Are you the ‘hand me the hammer’ or the ‘let’s map this out’ type of picture hanger? I have a very good eye and can usually wing it, but when it comes to hanging a group of pictures I’m hopeless.
Tools: You’ll need a tape measure, level, pencil, hammer and hooks. For small pictures one hook will do, for larger pictures use two hooks. They will help keep the picture straight. Make sure you buy hooks that are right for your artwork’s weight.
Height and spacing: Experts recommend that the center of a picture be 59” from the floor, an average eye-level. If you are hanging a group, it’s recommended that 2” should be the spacing between them. If the pieces are smaller 1” is fine.
- Mark center of wall
- Mark picture height
- Mark where the top of the frame rests against the wall when held at proper height
- Measure distance from the top of frame to the hanging wire. Then measure down the same distance from the mark of the top of the frame on the wall
- Pinpoint the place where your nail will go and mark with an x
- Place the nail on top of a piece of Scotch tape (prevents paint chipping)

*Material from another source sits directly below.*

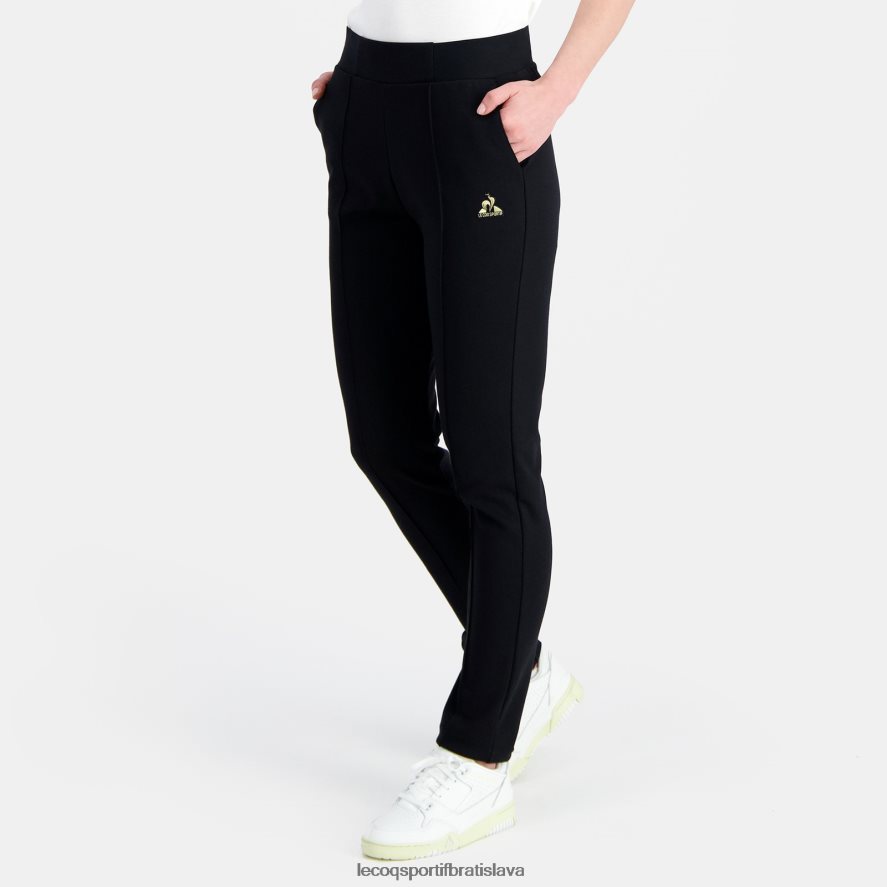Le Coq Sportif oblečenie nohavice čierne ženy BF4DLN328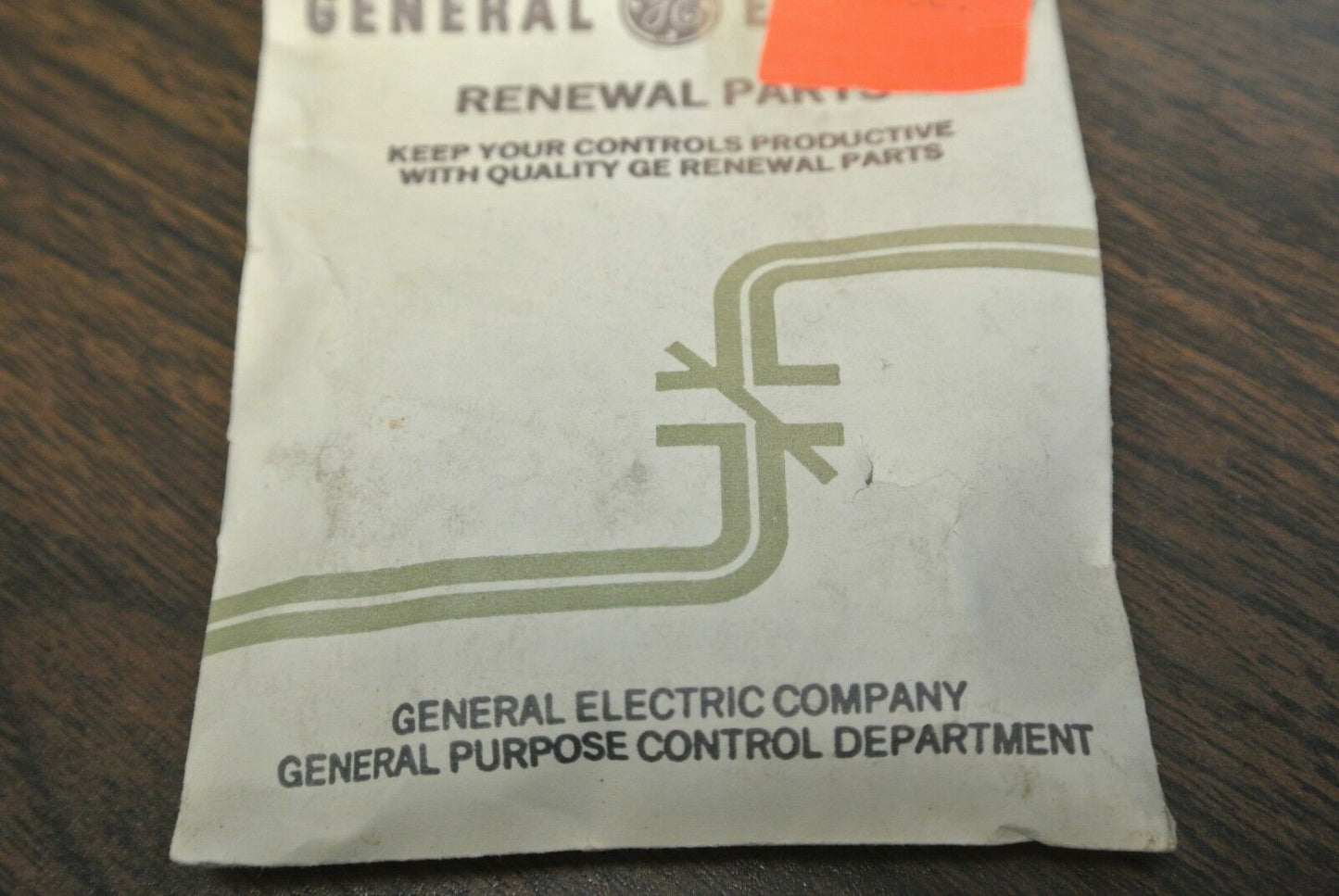 GENERAL ELECTRIC CR55-152313G7 CONTACTS SET / 1 POLE / NEW SURPLUS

- Hammer nail at a slight angle
- Place frame on the nail and adjust
- Rest a level on top of the frame and adjust for straightness
Hanging groups of pictures:
- I personally like mixing different sizes to keep it interesting, but I use the same mats and frames so as to not distract from the pictures themselves. Using the same frames and mats helps to unify the group and gives a ‘clean’ and uncluttered look to the grouping.
- Smaller art looks better in pairs or in a group.

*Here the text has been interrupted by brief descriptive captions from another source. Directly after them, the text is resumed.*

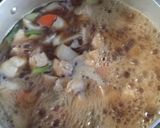 れんこんと鶏ささみ肉の煮物作り方3写真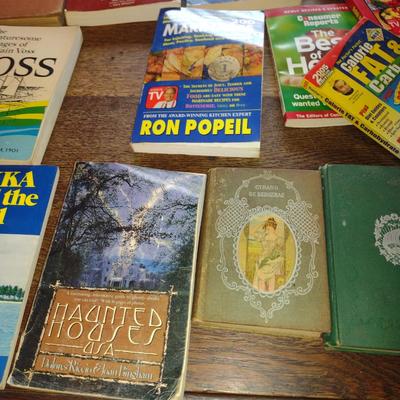 Collection of Books- Assorted Genres (K)
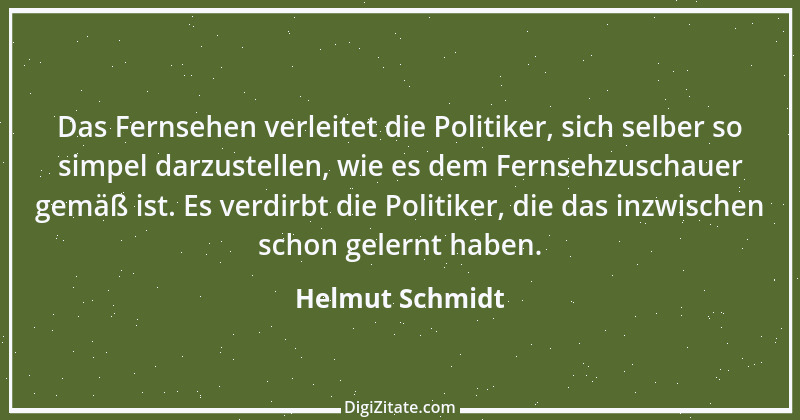 Zitat von Helmut Schmidt 109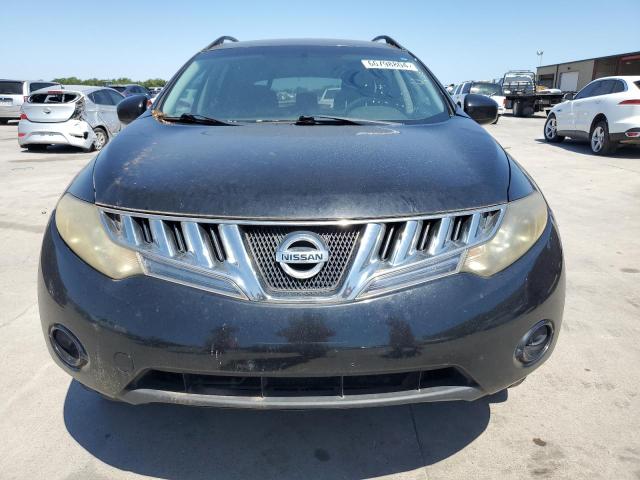2009 Nissan Murano VIN JN8AZ18UX9W023498 COPART salvage auction — REAR END, Tx - Certificate Of Title (P), sold $475 on 2026-07-09 (photo 5)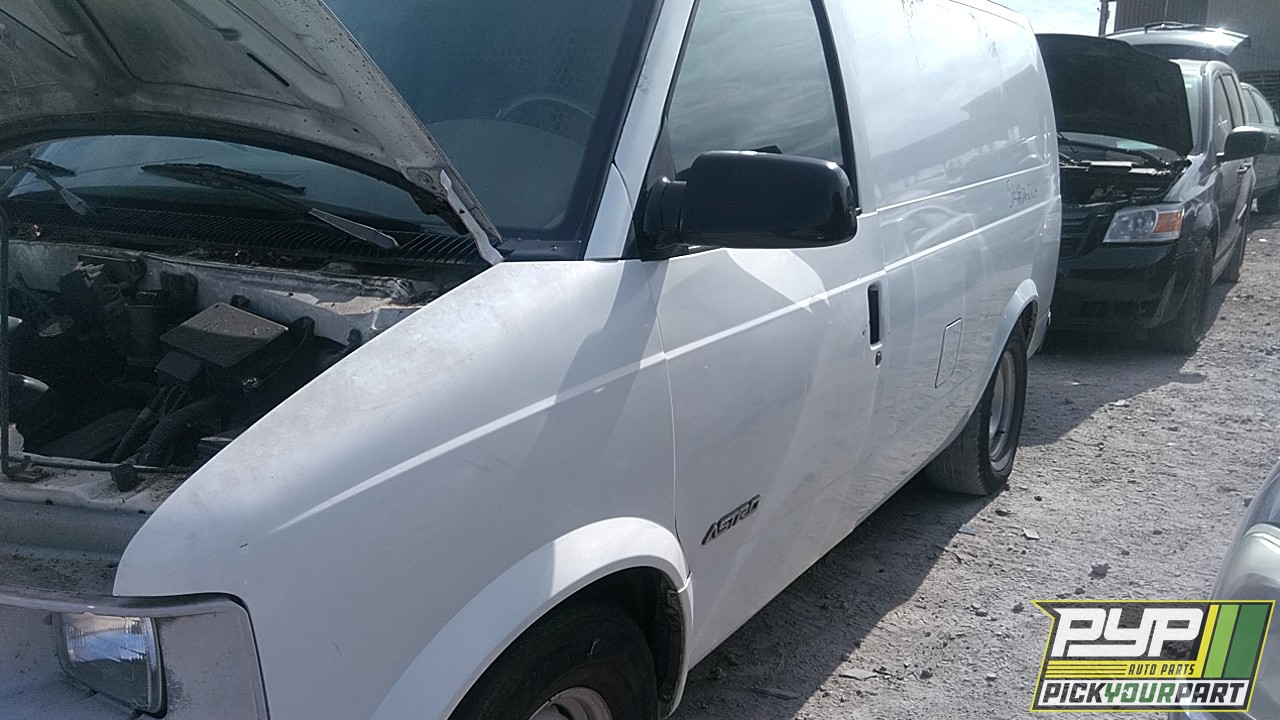 2000 CHEVROLET ASTRO partes disponibles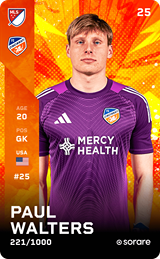 Paul Walters - limited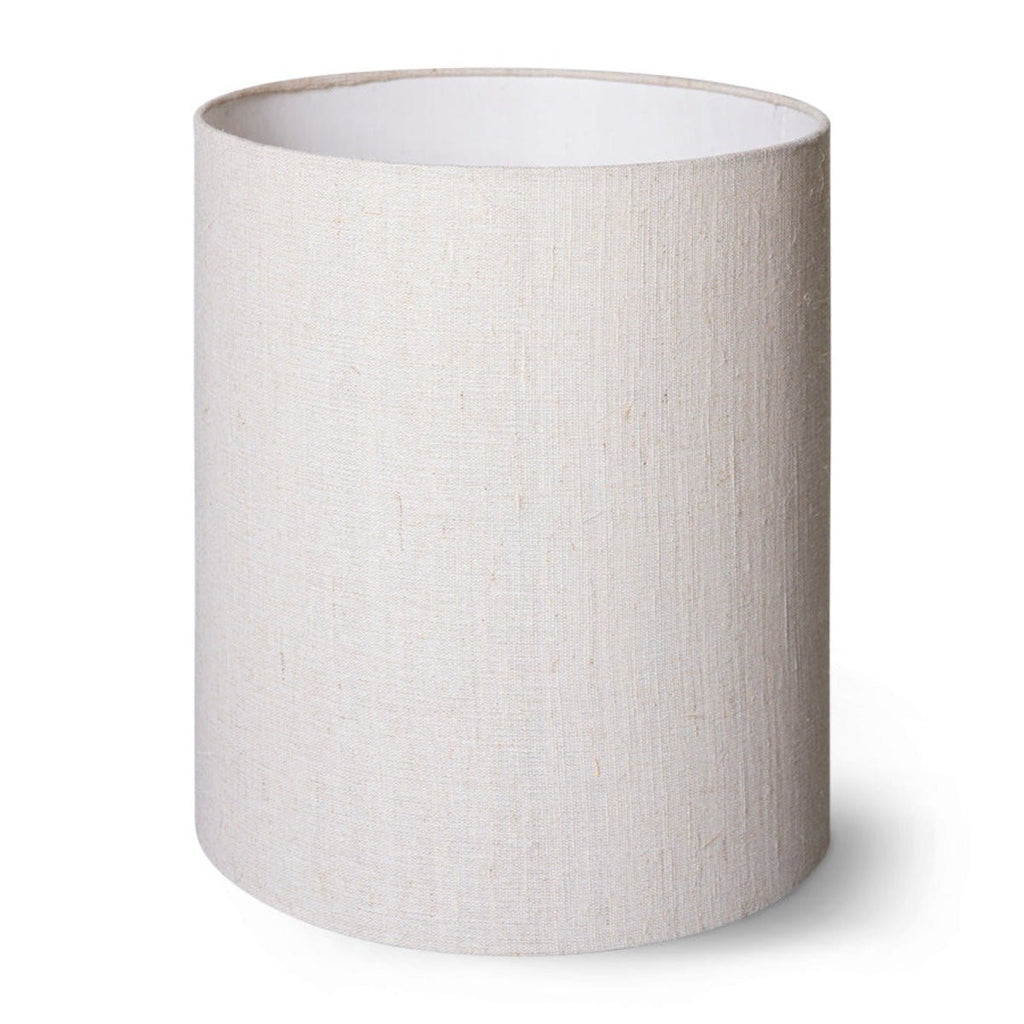 Linen Cylinder Lampshade - RhoolLamp ShadesHKLivingLinen Cylinder Lampshade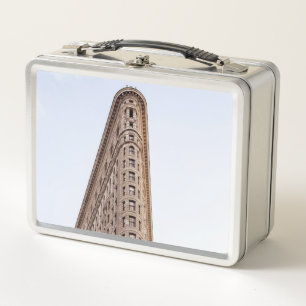 Flatiron building metal lunch box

- Some designers recommend using an odd number of pictures, others recommend using an even number. You’ll get a sense of what you like when you lay them all out on the floor.

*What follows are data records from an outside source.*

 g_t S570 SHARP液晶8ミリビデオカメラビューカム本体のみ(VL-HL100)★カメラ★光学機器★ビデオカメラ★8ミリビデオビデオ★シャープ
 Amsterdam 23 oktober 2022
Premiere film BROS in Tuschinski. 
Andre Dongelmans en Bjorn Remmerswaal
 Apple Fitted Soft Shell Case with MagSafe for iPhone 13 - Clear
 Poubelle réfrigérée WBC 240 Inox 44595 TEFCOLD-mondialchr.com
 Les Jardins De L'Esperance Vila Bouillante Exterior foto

- If you are hanging a group, it’s recommended that 2” should be the spacing between them. If the pieces are smaller 1” is fine.
- Talk about groups! Check out this photo of a Chicago staircase from Metropolitan Home!
- To get the placing correct, either lay the pictures out on the floor or cut out brown paper in the exact shapes and tape them to your wall.
- Consider unusual places for pictures. I like to hang some running down the front dividers on a bookcase, or the side of an armoire, or the back of a door.
The best advice I’ve read is not to be afraid to hang your artwork. The nails with picture hooks won’t do any damage so if you need to move the piece, don’t sweat it!